How to Copyright Visual Arts

 

US copyright law provides for the coverage and protection of works of visual art. Obviously, this is a term with a lot of possible interpretations, so it’s important to understand just what is covered by this section of the law. The law defines works of the visual arts as “original works of authorship including pictorial, graphic, and sculptural works”. Whoever establishes a copyright for a work of visual art has the sole right to create and distribute copies of that work, unless he or she grants this permission to others. Such a copyright is actually established immediately upon the creation of a work of visual art, but there are some advantages to be had for those who register, including an increased number of options that you may undertake in the event of infringement disputes.

Of great interest to the matter of copyright works of visual art is what constitutes such a work, and what counts as publication or distribution (in other words, what rights are retained by the copyright holder).

Paintings, sculptures, and other works of art that have only one copy aren’t usually considered “published” just because they are exhibited or displayed in public. Even when they are sold in some manner, they aren’t considered published. Rather, it’s only when they are reproduced in derivative prints or castings and then those reproductions are distributed publicly that such works are said to be published. It’s important to distinguish whether or not your creation counts as “published” because this can have a huge effect on what is required or not required in order to properly register the copyright for it.

Works of visual art can include a huge number of particulars. It is a very broad term that can include pictorial works or drawings such as: advertisements, artwork intended for clothing, stickers or decals, cartoons, collages, drawings, paintings, murals, fabric designs, greeting cards, poster, and any number of 2d representations of a graphic work. It can also cover sculptural creations such as artificial plants, traditional sculptures, mosaics, jewelry designs, articles of clothing, stencils. Non-traditional works such as holographic imagery and computer-generated artwork also qualifies, as well as things that aren’t usually thought of as “art” such as technical drawings and blueprints.

There are certain interesting limitations upon copyrights for works of visual arts. The main limitations are on which aspects of a work are covered and protected. Namely, the following aspects cannot be copyrighted: abstract ideas or concepts, formulas or procedures, short phrases, names, or variations upon lettering or coloring. Basically, the core elements of a work are what constitute the protected elements, rather than the superficial trappings.
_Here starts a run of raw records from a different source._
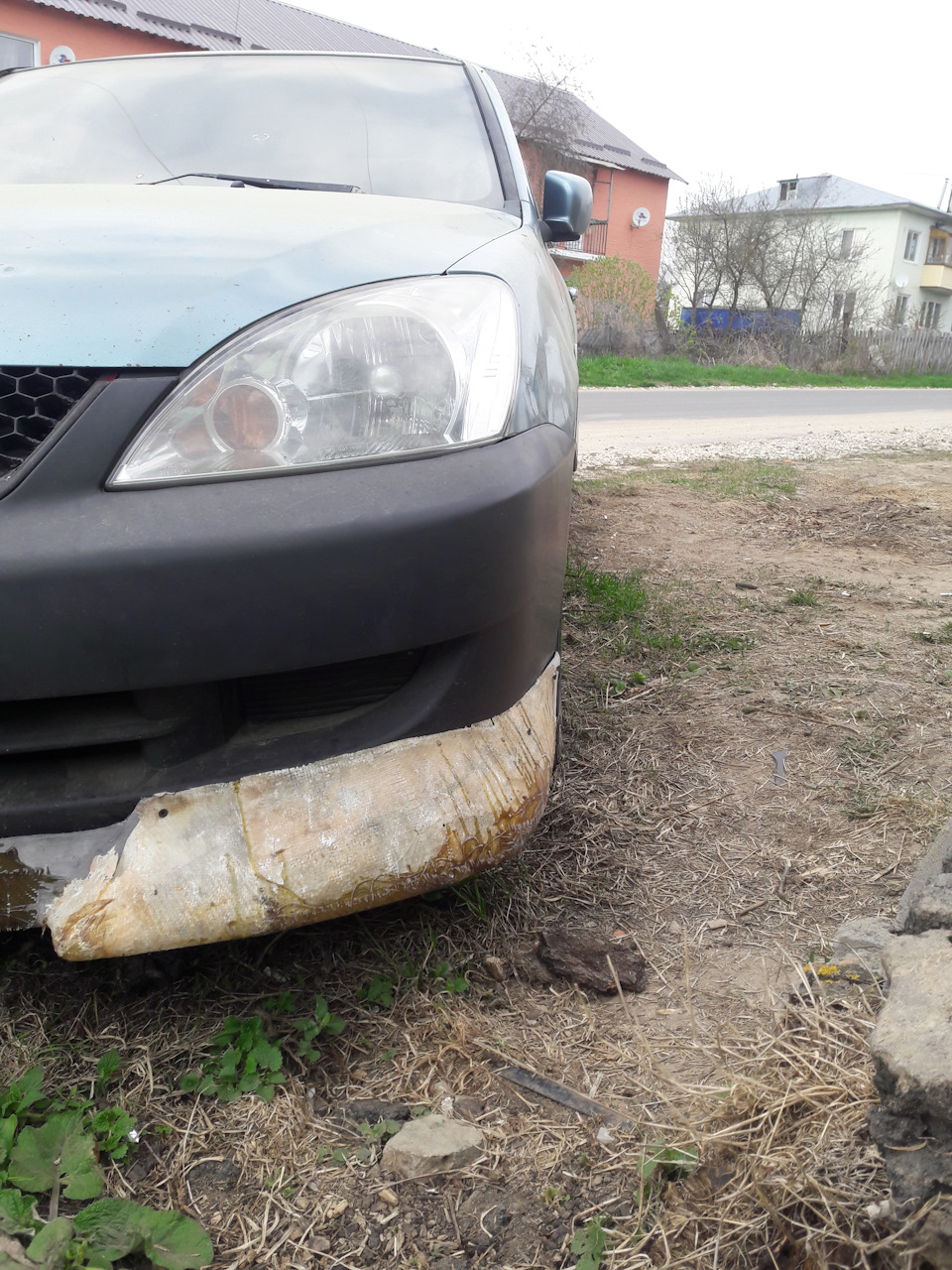 Пока губа выглядит примерно так — Mitsubishi Lancer IX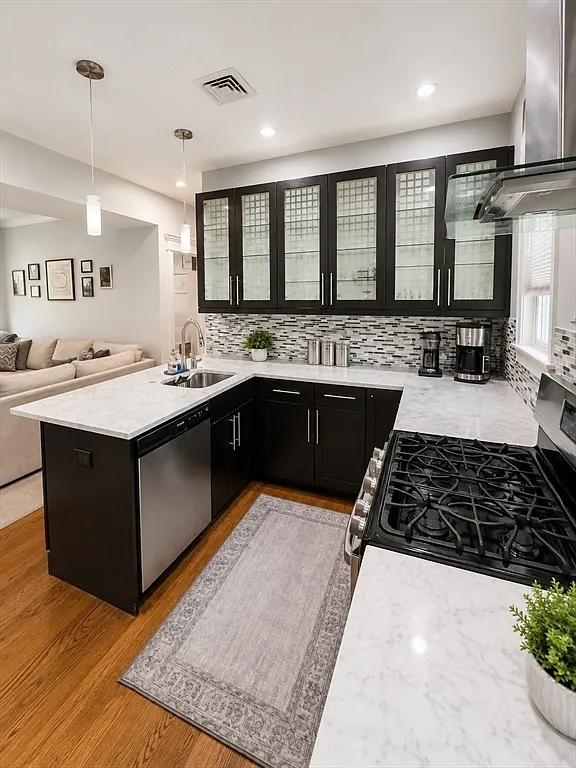 3 bed, 1.0 bath, 872 sqft, $3,275 — Photo 3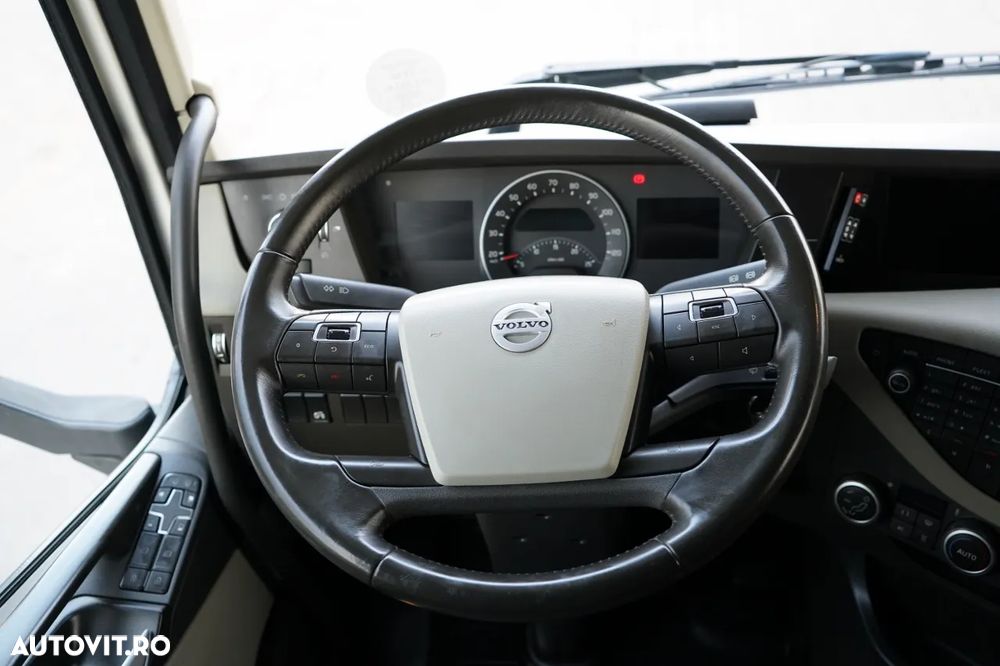 Volvo FH 460 / LOWDECK / MEGA / I-PARK COOL / I-SHIFT - 27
Also of note are objects of visual art that also possess a secondary function as a “useful article”. This would include things like a sculpture that works as a chair, or a piece of clothing. In these instances, the artistic or unique aspects of a creation would be copyrighted (such as the design carved into the chair, or the design of the clothing), but not the practical purpose that it fulfills (such as the concept of “being a seat” or “being a shirt”).